Hades wants a sacrifice: the lovely Andromeda (Alexa Davalos). But not if Perseus (Sam Worthington) has anything to say about it. He's a demi-god. Zeus tricked his mom into Olympic sex. He has grown up knowing that Pete Postlethwaite and Elizabeth McGovern are his adoptive parents, although he has wondered about that ageless beauty Io (Gemma Arterton) who looks over him from the shadows.
And like the demi-gods of Percy Jackson and the Olympians, he has daddy issues.
Perseus sets out on a quest — to consult with witches, visit Medusa in Hades and find a means to defeat the Kraken and keep Hades at bay.
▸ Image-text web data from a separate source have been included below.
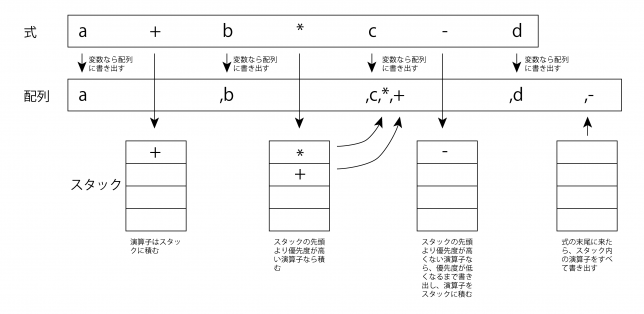 後置記法による数式処理 Radon Laboratory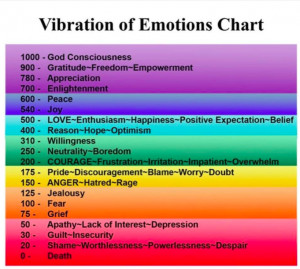 The Vibration of Emotions Chart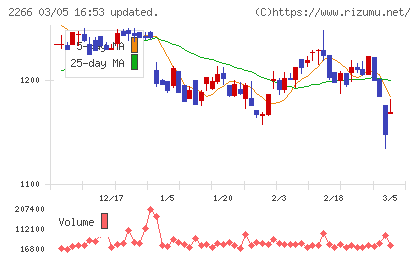 六甲バターチャート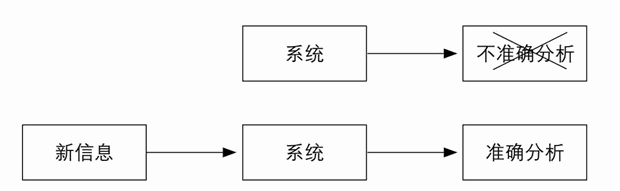 4个名词之间的关系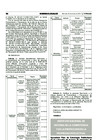 Vista preliminar de documento RESOLUCIÓN DE LA PRESIDENCIA DEL CONSEJO DIRECTIVO DEL INDECOPI 188-2017-INDECOPI-COD.pdf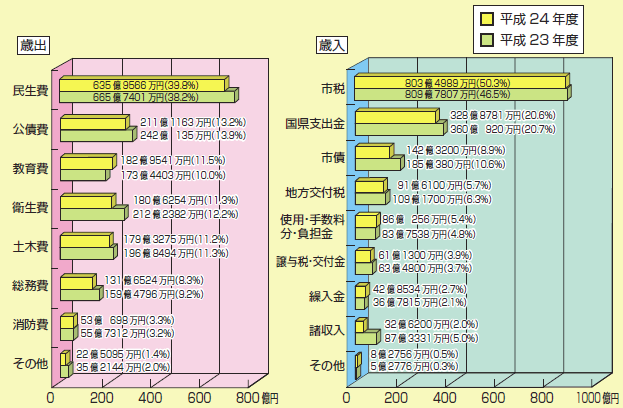 一般会計 総額1597億2116万円の内訳グラフ 一般会計 総額1597億2116万円の内訳グラフ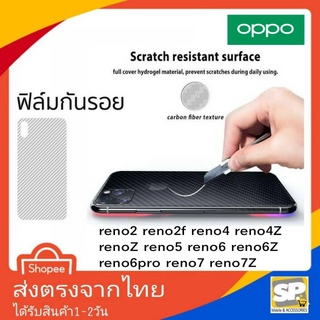 ฟิล์มหลังเคฟล่า OPPO Reno2 Reno2F Reno4 Reno4Z RenoZ Reno5 Reno6 Reno6Z Reno6Pro Reno7 Reno7Z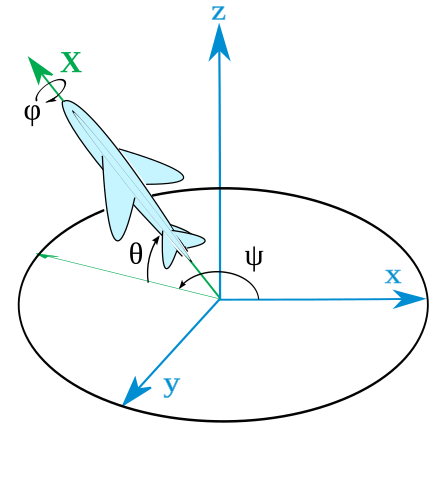 plane angles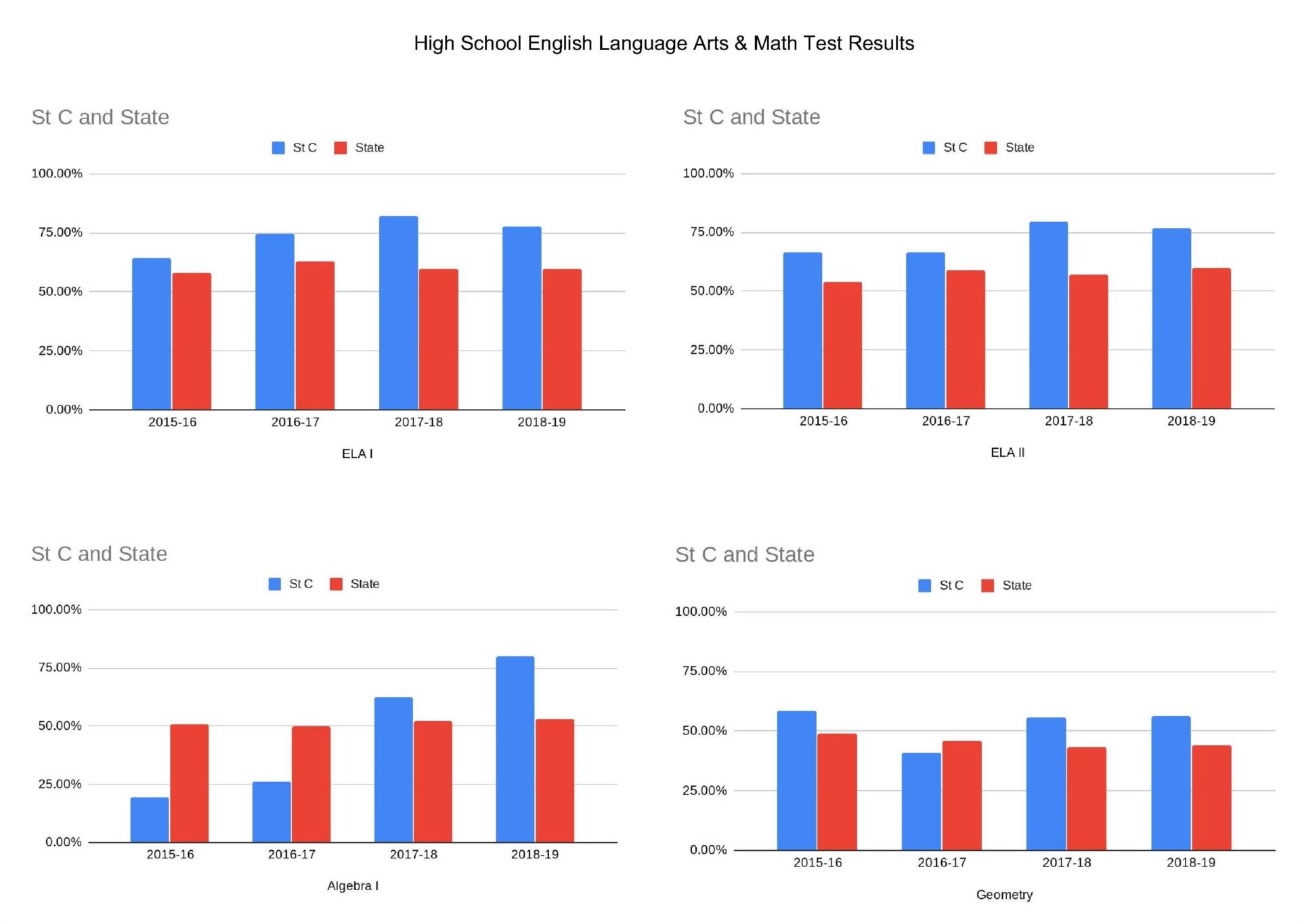 HIGH SCHOOL ELA & MATH TEST RESULTS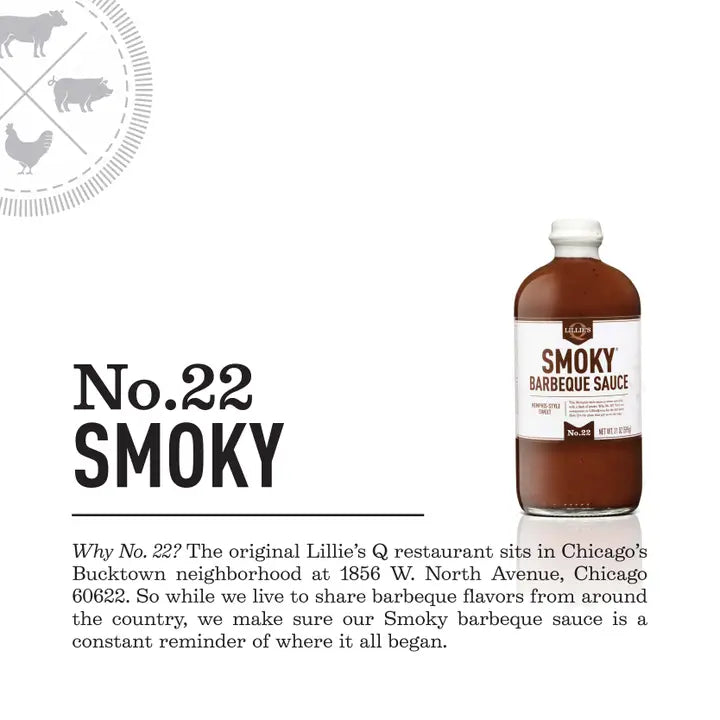 Smoky BBQ Sauce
Worthington is emerging as the new Charlton Heston, an actor big enough to fill a big screen with his bigness. But he plays every role the same, always a crewcut Marine, here battling beasties in the distant past. His out-of-place haircut and unflattering hemline do the Terminator/Avatar star no favors.
The guy who really chews the Titans scenery is Mads Mikkelsen, the Dane who made a meek Bond villain (Casino Royale) but who makes a fierce warrior, Draco, who prepares Perseus and escorts him on his journey.
Louis Leterrier (The Incredible Hulk) directed this, and he benefits from terrific production design and art direction. The flinty, shattered shale hills of Wales and volcanoes of Tenerife provide backdrops for the palaces and temples of this Clash. Olympus looks like the Emerald City of Oz, without the emeralds.
There isn't a serious moment in it, and the light touches come from one-liners and supporting players. For all the impressive (but not dazzling) effects, the scattered jokes and the stentorian acting (especially from the Olympians), there's not much here that will stick with you after the popcorn's gone. But as any ancient Greek could tell you, that's sort of the point.